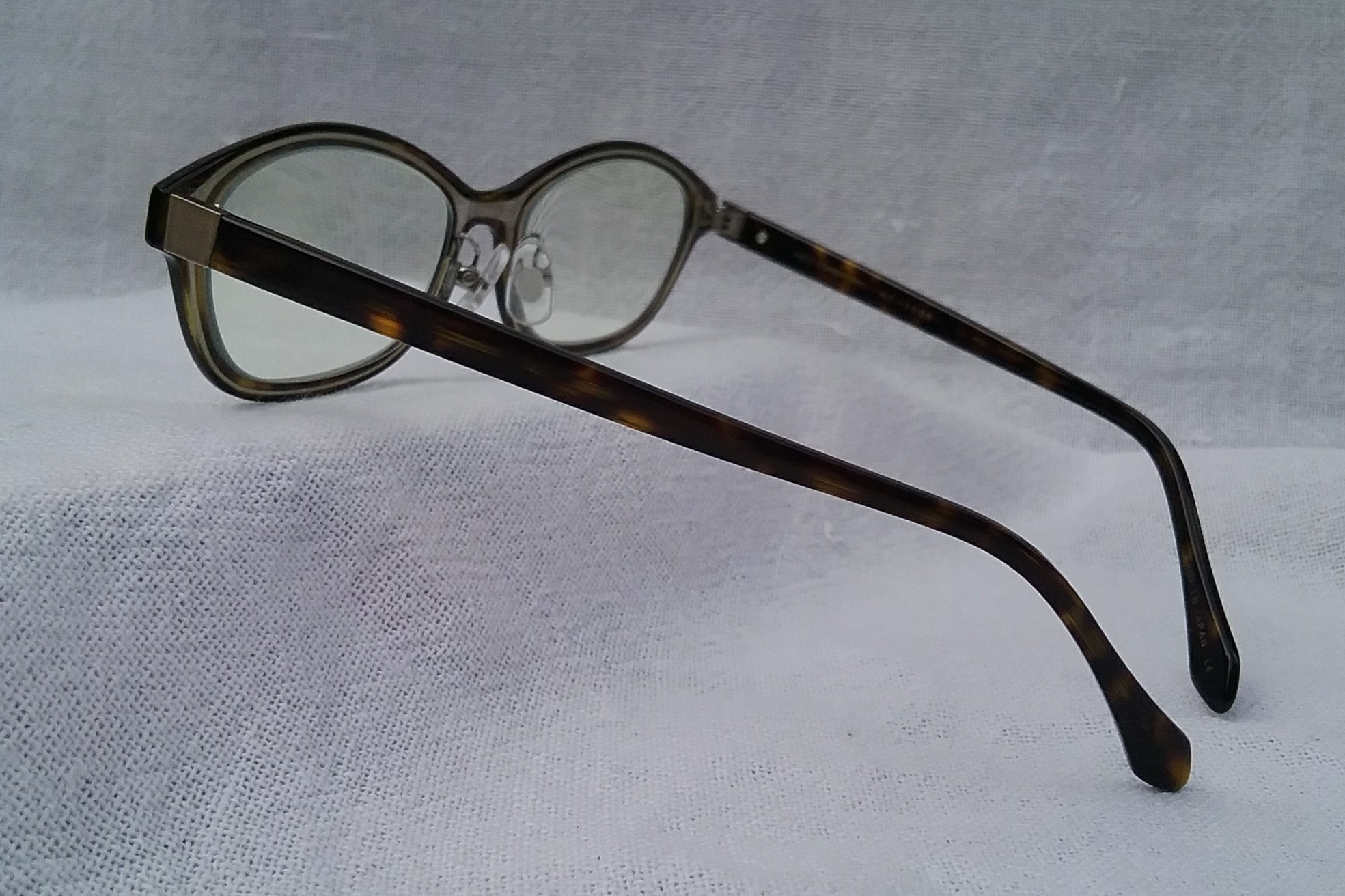 แว่นตายอดฝีมือจากเมืองซาบาเอะ - ราชธานีแห่งแว่นตาของญี่ปุ่น  กรอบ 'อะซีเทต อนุพันธุ์เส้นใยฝ้าย ลายกระ' ฝังแผ่นโลหะ 'ไททาเนียมบริสุทธิ์'  ☆☆☆ โบนัสพิเศษ : เลนส์ บลู โพรเทค มัลติโค้ท ใสปิ๊ง ค่าสายตา +150  ป้องกันแสงสีฟ้า (Blue Protect)   Authentic HAMAMOTO handmade in the 2010's in Sabae, Japan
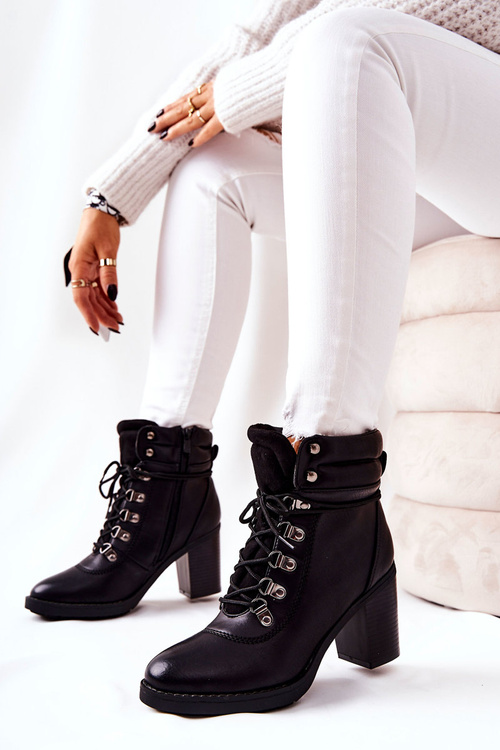 Botki Na Słupku Ocieplane Czarne Charmmis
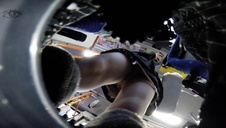 dobra blondyna rozkłada nogi przed czekoladowym kolesiem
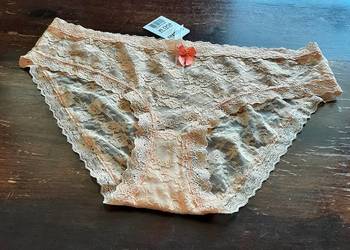 Koronkowe figi marki Kapahl w kolorze pomarańczowym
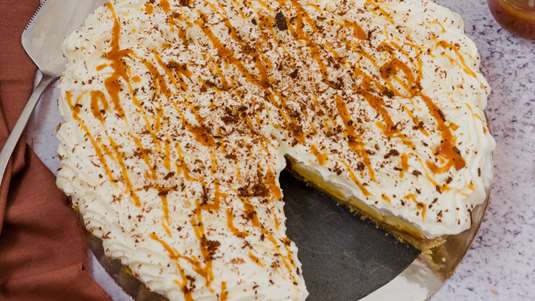 Τάρτα με Μπισκότα και Αφράτη Κρέμα Γιαουρτιού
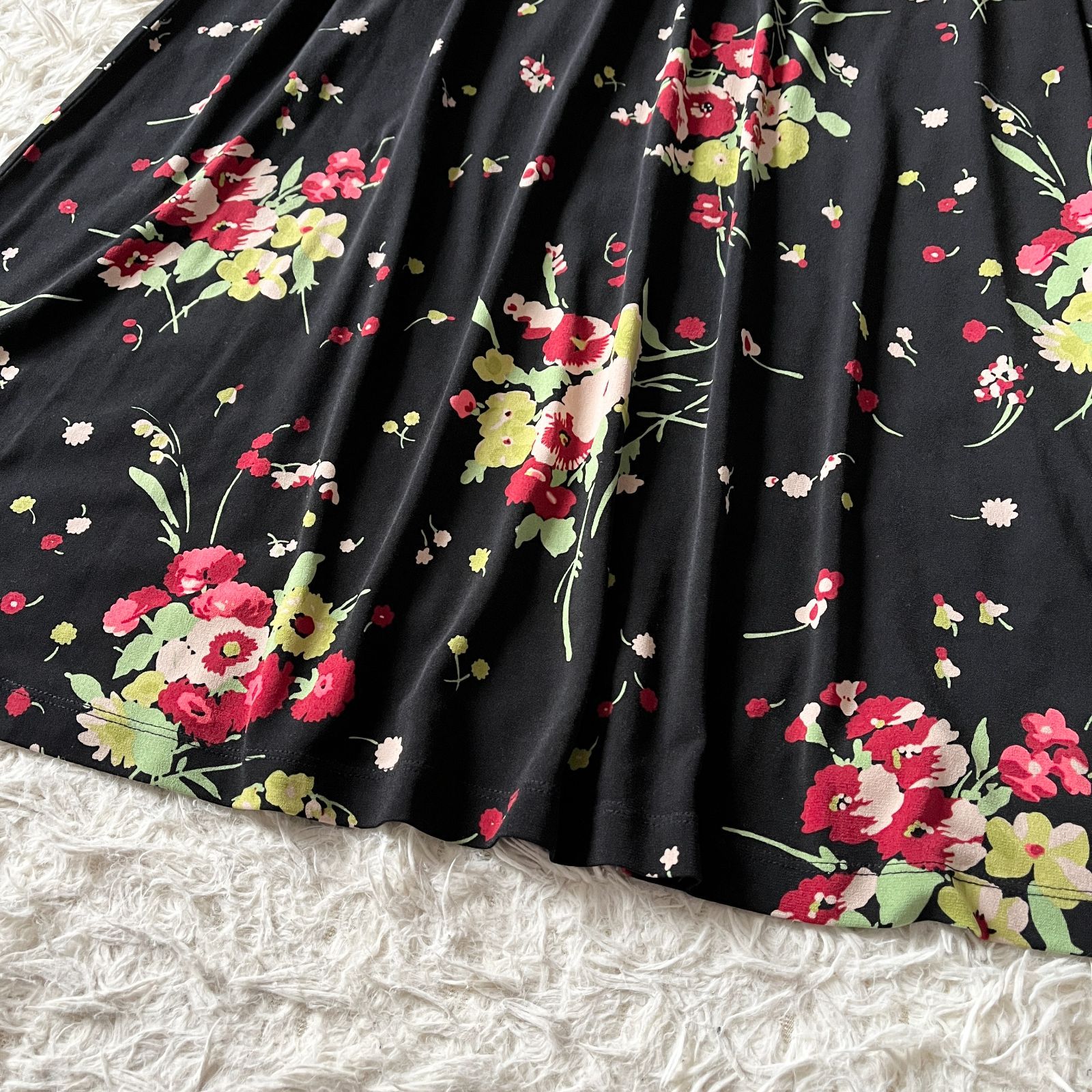 Laura Ashley ローラアシュレイ ロング丈 花柄ワンピース 黒 9号 M 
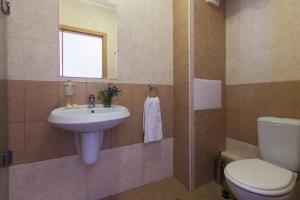 A bathroom at Royal Sun Holiday Apartments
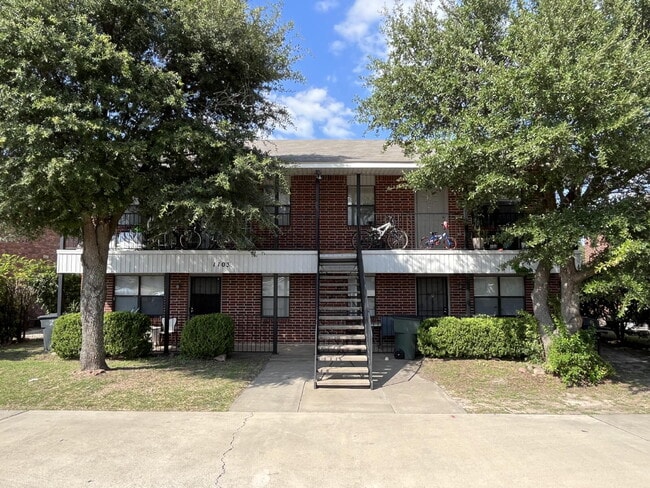 Building Photo - Spacious 2-Bedroom Apartment – Prime Locat...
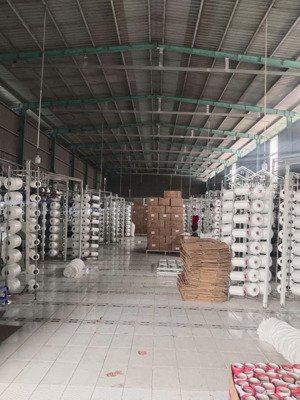 cho thuê kho xưởng khuôn viên 1900m2 một sẹc đường nguyễn thị lắng củ chi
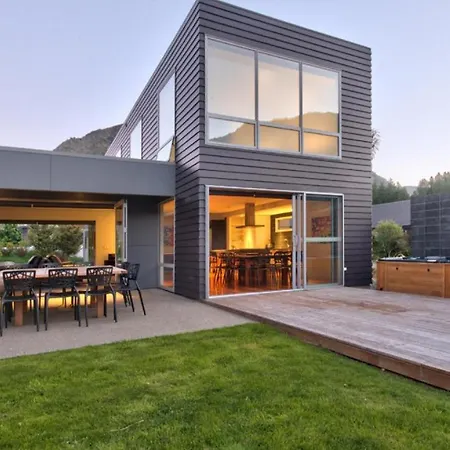 Modern Family Villa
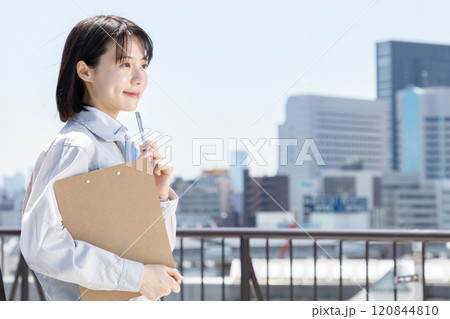 作業着の女性イメージ06 作業着の女性イメージ06 120844810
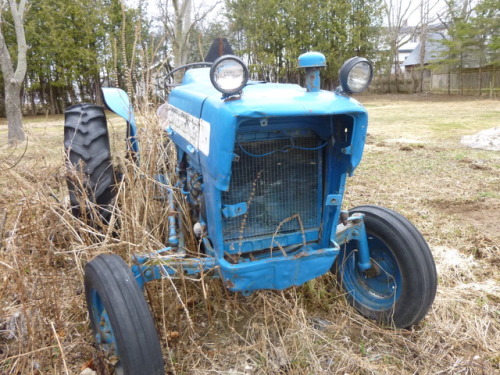 Two screaming tractors I saw yesterday.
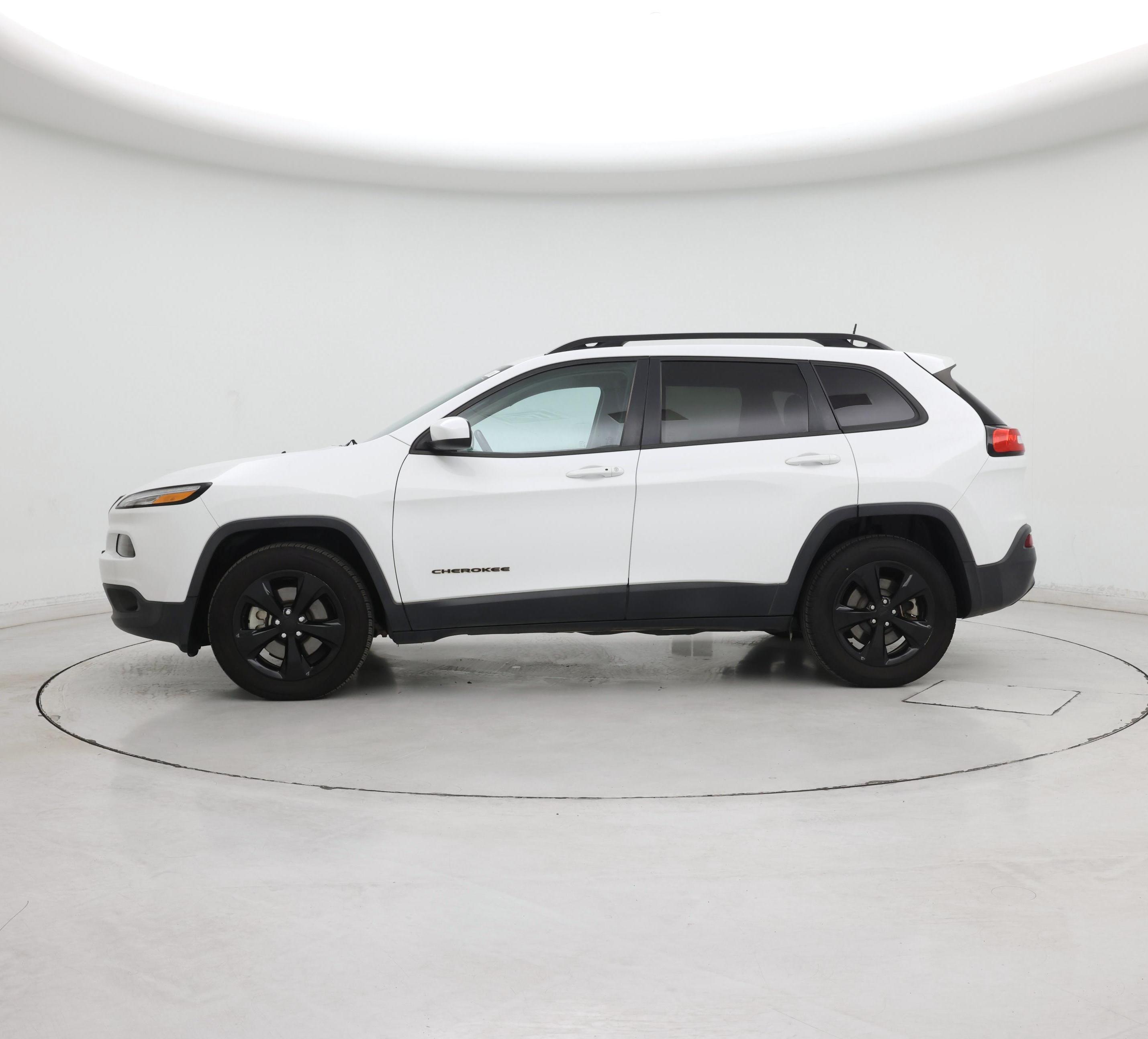 Thumbnail: 2016 Jeep Cherokee - 3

● ● ● ● ● ● ●

What to produce: Set the pictures aside and restate word for word only the lines from the line containing "Botki Na Słupku Ocieplane Czarne Charmmis" through the end of the entries above, both included.

Your response:
 Botki Na Słupku Ocieplane Czarne Charmmis
 dobra blondyna rozkłada nogi przed czekoladowym kolesiem
 Koronkowe figi marki Kapahl w kolorze pomarańczowym
 Τάρτα με Μπισκότα και Αφράτη Κρέμα Γιαουρτιού
 Laura Ashley ローラアシュレイ ロング丈 花柄ワンピース 黒 9号 M 
 A bathroom at Royal Sun Holiday Apartments
 Building Photo - Spacious 2-Bedroom Apartment – Prime Locat...
 cho thuê kho xưởng khuôn viên 1900m2 một sẹc đường nguyễn thị lắng củ chi
 Modern Family Villa
 作業着の女性イメージ06 作業着の女性イメージ06 120844810
 Two screaming tractors I saw yesterday.
 Thumbnail: 2016 Jeep Cherokee - 3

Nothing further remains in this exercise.